This includes commitments to purchase 10 B737-800 aircraft, which we have entered into a definitive agreement to sell to a third party
immediately following delivery of these aircraft to us by the manufacturer starting in 2007. The impact of these sales on the future commitments
above would be a total reduction of approximately $395 million during the period 2006 – 2008.
(5) Interest payments related to capital lease obligations are included in the table. The present value of these obligations, excluding interest, is
included on our Consolidated Balance Sheets. For additional information about our capital lease obligations, see Note 9 of the Notes to the
Consolidated Financial Statements.
(6) This amount represents our minimum fixed obligation under our contract carrier agreements with Chautauqua Airlines, Inc. ("Chautauqua"),
Shuttle America, ASA, SkyWest Airlines, and Freedom (excluding contract carrier lease payments accounted for as operating leases, (see
footnote (3) above)). For additional information regarding our contract carrier agreements, see Note 10 of the Notes to the Consolidated
Financial Statements.
(7) Includes purchase obligations pursuant to which we are required to make minimum payments for goods and services, including but not limited to
insurance, outsourced human resource services, marketing, maintenance, obligations related to Comair, technology, and other third party
services and products. For additional information about other commitments and contingencies, see Note 10 of the Notes to the Consolidated
Financial Statements.
(8) Represents other liabilities on our Consolidated Balance Sheets for which we are obligated to make future payments related to medical benefit
costs incurred but not yet paid and payments required under the pilot collective bargaining agreement for unused vacation time. These liabilities
are not included in any other line item on this table.
(9) In addition to the contractual obligations included in the table, we have significant cash obligations that are not included in the table. For
example, we will pay wages required under collective bargaining agreements; fund pension plans (as discussed below); purchase capacity under
contract carrier arrangements (as discussed below); and pay credit card processing fees and fees for other goods and services, including those
related to fuel, maintenance and commissions. While we are parties to legally binding contracts regarding these goods and services, the actual
commitment is contingent on certain factors such as volume and/or variable rates that are uncertain or unknown at this time. Therefore, these
items are not included in the table.

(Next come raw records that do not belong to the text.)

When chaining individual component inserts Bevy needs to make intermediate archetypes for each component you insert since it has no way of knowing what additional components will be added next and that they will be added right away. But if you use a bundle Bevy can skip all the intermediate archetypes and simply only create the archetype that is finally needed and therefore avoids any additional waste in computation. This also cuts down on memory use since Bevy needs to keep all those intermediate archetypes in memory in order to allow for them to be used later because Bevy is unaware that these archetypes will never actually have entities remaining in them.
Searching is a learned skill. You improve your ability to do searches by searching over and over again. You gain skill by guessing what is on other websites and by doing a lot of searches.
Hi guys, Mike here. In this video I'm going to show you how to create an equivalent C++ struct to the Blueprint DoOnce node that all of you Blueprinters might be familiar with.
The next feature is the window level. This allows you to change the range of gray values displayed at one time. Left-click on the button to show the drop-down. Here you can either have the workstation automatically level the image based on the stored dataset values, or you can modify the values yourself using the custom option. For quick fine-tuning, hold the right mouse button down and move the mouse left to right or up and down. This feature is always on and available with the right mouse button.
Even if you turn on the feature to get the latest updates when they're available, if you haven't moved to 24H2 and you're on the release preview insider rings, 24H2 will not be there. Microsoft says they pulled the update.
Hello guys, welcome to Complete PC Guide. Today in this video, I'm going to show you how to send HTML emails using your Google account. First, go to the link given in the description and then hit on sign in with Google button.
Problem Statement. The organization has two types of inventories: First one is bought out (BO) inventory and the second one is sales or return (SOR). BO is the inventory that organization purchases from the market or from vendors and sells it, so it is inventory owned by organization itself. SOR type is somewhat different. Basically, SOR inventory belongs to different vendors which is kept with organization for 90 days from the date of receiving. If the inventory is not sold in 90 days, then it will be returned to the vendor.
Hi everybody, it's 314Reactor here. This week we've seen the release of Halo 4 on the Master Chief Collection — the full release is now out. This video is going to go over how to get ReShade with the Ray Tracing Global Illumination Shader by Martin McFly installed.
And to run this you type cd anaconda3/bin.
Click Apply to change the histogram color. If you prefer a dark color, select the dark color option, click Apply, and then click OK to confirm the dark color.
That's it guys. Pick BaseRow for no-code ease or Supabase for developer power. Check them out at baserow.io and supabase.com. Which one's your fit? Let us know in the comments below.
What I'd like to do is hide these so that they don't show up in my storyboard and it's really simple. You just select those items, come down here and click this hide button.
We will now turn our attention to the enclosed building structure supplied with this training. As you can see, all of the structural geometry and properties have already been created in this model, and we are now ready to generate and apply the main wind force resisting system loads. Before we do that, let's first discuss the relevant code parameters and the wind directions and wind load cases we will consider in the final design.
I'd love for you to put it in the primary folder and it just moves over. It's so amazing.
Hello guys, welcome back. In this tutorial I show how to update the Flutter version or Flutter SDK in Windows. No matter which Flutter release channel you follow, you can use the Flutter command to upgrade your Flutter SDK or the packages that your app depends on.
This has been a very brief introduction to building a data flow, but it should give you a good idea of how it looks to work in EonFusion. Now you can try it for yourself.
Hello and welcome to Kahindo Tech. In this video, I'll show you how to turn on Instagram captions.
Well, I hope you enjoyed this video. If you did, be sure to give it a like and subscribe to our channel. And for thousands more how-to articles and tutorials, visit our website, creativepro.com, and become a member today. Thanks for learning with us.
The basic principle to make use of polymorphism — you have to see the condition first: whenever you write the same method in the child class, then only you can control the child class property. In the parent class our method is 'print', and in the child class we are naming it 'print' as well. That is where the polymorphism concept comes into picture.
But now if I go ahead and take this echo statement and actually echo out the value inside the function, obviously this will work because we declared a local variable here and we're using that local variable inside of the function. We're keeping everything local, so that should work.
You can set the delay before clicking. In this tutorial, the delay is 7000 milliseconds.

In addition, purchase orders made in the ordinary course of business are excluded from the table and any
amounts which we are liable for under the purchase orders are included in current liabilities on our Consolidated Balance Sheets.
The following items are not included in the table above:
Pension Plans. We sponsor defined contribution and defined benefit pension plans for eligible employees and retirees. Our
funding obligations for certain of these plans are governed by the Employee Retirement Income Security Act of 1974 ("ERISA").
Estimates of pension plan funding requirements can vary materially from actual funding requirements because the estimates are based
on various assumptions, including those described below.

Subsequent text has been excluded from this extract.